Variations in the shape of the cornea or the length of the eye result in refractive errors that require correction by glasses or contact lenses for the sharpest vision. These variations from normal occur as the result of poorly understood complex developmental processes in most cases. However, in rare instances, such as in this condition, single gene changes (mutations) have been identified.
Several Chinese families have been reported in which a mutation (change in DNA) results in extreme nearsightedness (myopia) in females. This condition is clinically evident by the age of 7 years but may actually occur in utero. The retina and associated structures have a characteristic appearance such as a tigroid pattern of pigmentation and an unusual 'crescent' around the optic nerve. The eye is several millimeters longer than average.
There are no associated abnormalities in other parts of the body. No males were found to be affected in these families.
Mutations (changes) in the DNA of the X-chromosome have been found in females who have this form of nearsightedness. For reasons that are not understood, males with the DNA changes are not nearsighted.
Both males and females can transmit the changed X-chromosome to the next generation. However, since males have only one X-chromosome, all their female offspring will inherit the mutation whereas females with two X-chromosomes will pass along their mutant X-chromosome only 50% of the time.
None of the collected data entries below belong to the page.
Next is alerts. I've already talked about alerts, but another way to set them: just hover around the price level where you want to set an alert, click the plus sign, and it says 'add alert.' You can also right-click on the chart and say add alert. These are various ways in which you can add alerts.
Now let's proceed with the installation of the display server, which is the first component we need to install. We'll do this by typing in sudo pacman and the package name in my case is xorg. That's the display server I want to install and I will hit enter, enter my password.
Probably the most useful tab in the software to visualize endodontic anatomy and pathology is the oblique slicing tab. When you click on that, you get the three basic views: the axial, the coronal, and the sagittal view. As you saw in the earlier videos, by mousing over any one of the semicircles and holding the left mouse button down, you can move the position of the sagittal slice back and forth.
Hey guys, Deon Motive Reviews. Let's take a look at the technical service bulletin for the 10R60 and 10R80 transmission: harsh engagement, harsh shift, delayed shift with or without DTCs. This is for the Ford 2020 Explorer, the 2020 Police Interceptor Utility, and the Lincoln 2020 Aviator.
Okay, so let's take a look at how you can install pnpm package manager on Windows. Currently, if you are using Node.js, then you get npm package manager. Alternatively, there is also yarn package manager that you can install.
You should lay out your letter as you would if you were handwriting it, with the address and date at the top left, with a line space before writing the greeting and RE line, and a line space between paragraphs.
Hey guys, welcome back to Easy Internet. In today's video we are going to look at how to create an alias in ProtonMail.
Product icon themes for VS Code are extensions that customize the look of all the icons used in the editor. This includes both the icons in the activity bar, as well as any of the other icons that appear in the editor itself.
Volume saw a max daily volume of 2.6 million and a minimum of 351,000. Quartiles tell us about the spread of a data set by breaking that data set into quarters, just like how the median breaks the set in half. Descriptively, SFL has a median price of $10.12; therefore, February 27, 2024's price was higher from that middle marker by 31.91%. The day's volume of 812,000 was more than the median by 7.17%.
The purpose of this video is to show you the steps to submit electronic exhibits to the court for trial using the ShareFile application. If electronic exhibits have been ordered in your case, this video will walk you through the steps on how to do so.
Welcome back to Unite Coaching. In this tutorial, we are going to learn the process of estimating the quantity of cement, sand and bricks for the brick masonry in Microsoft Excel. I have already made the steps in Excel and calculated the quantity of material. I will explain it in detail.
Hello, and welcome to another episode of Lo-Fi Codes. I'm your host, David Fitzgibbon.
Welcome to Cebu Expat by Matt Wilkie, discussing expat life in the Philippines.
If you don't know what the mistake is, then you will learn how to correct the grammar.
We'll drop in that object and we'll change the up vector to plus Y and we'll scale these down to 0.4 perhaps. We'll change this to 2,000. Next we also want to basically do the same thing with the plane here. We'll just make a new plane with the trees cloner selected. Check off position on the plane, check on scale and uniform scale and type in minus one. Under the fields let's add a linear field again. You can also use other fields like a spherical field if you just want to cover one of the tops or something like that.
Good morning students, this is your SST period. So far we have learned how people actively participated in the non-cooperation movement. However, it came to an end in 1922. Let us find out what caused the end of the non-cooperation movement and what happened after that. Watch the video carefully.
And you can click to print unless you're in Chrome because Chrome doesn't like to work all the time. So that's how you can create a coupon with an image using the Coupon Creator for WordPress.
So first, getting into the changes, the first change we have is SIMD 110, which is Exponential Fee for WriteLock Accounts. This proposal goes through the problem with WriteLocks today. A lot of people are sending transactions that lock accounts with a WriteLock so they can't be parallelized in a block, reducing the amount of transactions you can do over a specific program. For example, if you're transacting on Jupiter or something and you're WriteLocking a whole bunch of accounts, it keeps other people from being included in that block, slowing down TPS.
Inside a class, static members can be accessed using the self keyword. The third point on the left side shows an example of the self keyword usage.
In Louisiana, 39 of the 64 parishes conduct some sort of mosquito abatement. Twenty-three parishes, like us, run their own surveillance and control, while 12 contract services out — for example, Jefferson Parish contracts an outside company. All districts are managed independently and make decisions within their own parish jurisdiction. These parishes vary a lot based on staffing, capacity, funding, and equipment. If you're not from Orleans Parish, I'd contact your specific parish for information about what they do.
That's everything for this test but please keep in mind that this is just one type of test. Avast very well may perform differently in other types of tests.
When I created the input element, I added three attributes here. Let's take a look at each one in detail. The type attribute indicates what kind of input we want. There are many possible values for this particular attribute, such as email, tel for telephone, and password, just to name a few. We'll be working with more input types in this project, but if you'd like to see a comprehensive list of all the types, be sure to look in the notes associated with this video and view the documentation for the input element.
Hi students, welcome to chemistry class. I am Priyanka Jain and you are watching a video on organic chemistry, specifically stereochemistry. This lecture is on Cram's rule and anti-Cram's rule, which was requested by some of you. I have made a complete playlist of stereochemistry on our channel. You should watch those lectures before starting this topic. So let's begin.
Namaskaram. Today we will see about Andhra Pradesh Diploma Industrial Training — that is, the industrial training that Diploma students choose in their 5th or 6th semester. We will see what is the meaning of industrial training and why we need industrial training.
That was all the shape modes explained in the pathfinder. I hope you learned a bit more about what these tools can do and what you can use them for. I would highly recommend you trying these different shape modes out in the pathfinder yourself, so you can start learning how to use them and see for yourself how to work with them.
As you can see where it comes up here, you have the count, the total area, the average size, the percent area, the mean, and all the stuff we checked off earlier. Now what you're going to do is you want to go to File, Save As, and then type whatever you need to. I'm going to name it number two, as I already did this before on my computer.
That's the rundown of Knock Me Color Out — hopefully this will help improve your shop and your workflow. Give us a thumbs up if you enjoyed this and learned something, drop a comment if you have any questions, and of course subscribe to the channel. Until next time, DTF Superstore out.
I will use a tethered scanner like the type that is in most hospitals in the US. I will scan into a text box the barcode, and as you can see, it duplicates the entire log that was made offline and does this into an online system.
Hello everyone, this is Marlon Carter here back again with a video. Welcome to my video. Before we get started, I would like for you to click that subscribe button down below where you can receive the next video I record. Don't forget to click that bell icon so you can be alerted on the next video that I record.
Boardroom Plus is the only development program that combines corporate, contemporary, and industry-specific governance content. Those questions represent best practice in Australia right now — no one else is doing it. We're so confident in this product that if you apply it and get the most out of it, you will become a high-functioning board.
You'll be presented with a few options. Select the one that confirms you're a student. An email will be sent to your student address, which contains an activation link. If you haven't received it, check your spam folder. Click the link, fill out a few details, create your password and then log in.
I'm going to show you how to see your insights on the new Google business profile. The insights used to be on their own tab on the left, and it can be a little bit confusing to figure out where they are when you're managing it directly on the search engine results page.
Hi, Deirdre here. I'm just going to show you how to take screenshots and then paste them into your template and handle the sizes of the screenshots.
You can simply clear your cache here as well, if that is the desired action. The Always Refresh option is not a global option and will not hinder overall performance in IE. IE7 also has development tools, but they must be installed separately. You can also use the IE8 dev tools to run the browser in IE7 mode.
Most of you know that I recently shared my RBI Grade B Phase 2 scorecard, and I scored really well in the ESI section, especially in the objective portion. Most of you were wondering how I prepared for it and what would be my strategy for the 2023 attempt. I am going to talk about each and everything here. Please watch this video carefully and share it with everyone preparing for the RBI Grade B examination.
The diagnosis can be made by eye doctors most likely at birth but this has not been reported. The signs are present by age 7 according to published reports in several Chinese families.
Corrective lenses should improve vision dramatically.
Periodic examinations are important to detect and treat certain complications of nearsightedness such as retinal disease, glaucoma, and cataracts that may develop. Published reports, however, have not noted such associated conditions in this disorder.